Comparisons of Twin Forks with Fleetwood Mac are inevitable. Carrabba’s vocals are as vulnerable, thin and raspy (to the point of creepy whispering) as those of legendary guitarist-producer Lindsey Buckingham, especially on Done Is Done and the slow, dusty country waltz Reasoned and Roughened. The male-female harmonies of Carrabba and Zeldin are a nice touch to most tracks, though Zeldin’s vocals should have been louder in the mix. The opener Can’t Be Broken, like Second Hand News from Rumours, is a breezy, rhythm-driven and rousing album opener that makes listeners want to strum along on air guitar.

Some tracks lean towards the more traditional such as Back To You, which has a memorable ‘follow the siiiii-iiigns’ hook. Something We Just Know evokes a country fair setting with its fake yelping and hooting. Kiss Me Darling and Danger both carry a insistent urgency and longing.

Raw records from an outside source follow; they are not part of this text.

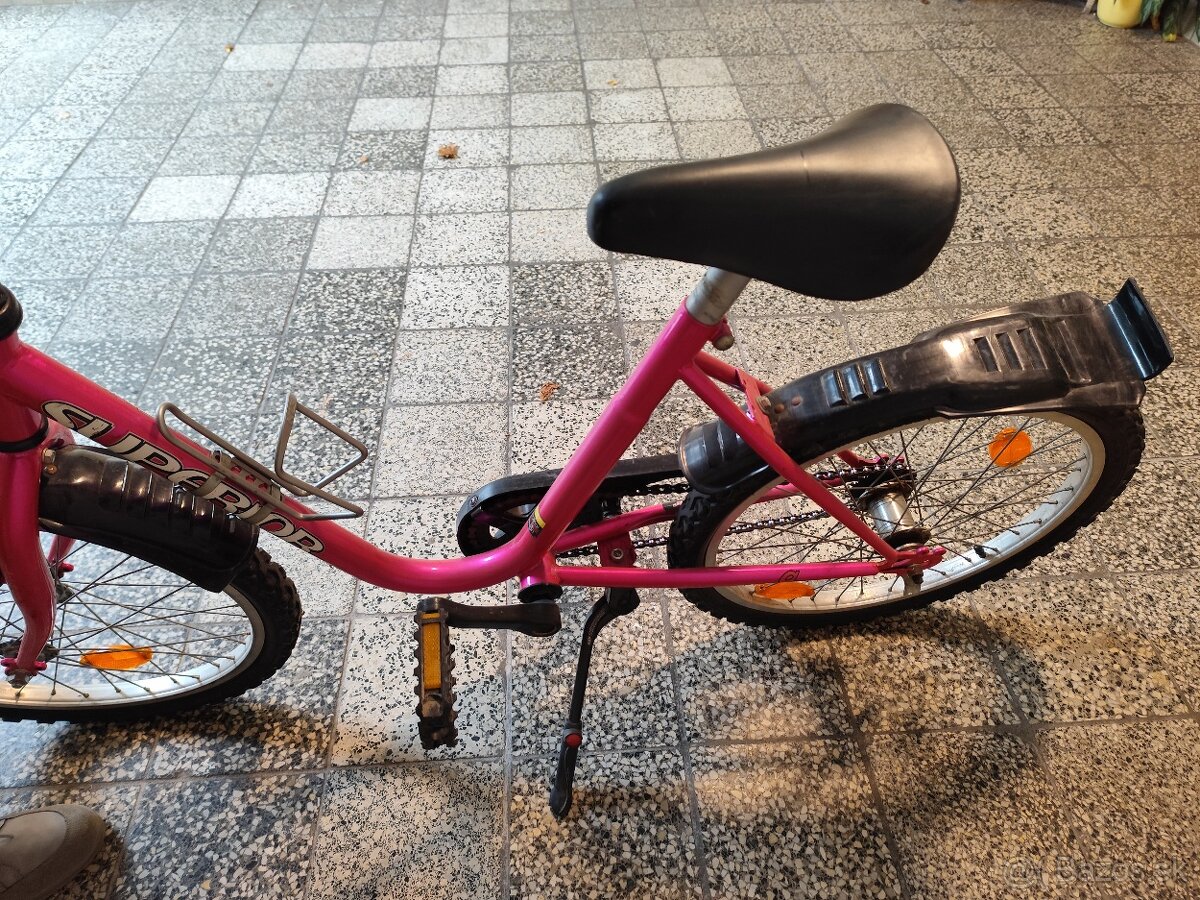 Dievčenský bicykel - 4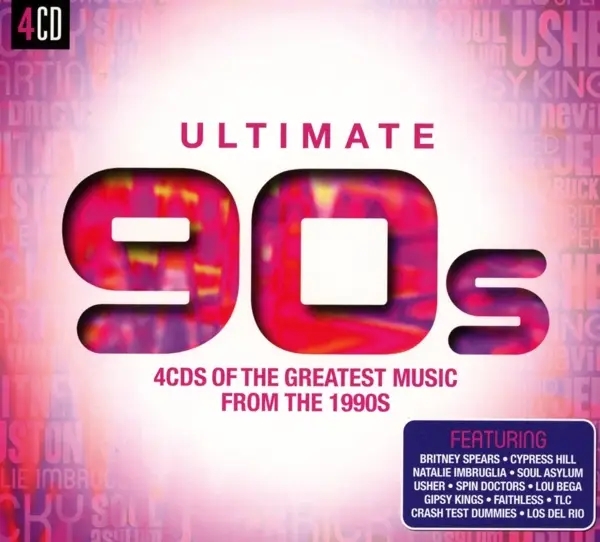 Album artwork for Ultimate...90s by Various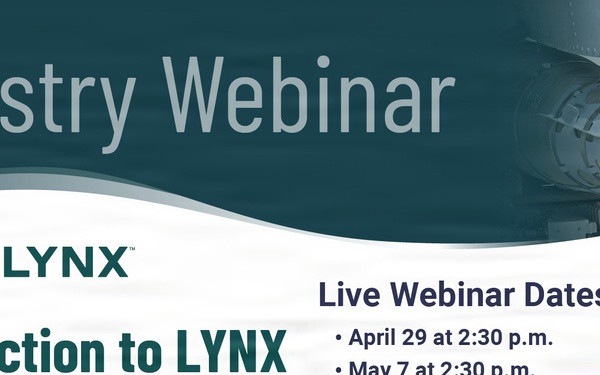 LYNX Industry Webinar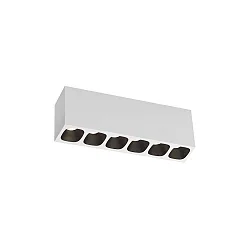 spot PIRRO PETIT CEILING SURF 6.0 IP20, black matt, white matt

Other songs are not so steeped in roots music. The comical Scraping Up The Pieces SWINGS, making it a uptempo soundtrack for a walk with arms flailing everywhere despite its lyrics about the broken pieces of a heart. The best and most pop chorus on the album goes to the single-worthy Plans, whose ‘I’ve got plans for ya, hoo-hoo-hoo-hoo-hoo’ hook would no longer sound like innocent flirting after a few drinks. Closer Who’s Looking Out deviates from the organic production of the album with a bit of vocal processing to create a ghostly effect.

Twin Forks have created a listenable, fun fusion of punk, roots and country-tinged folk-rock that is accessible for fans of all those genres. Listeners should look forward to the group’s next effort.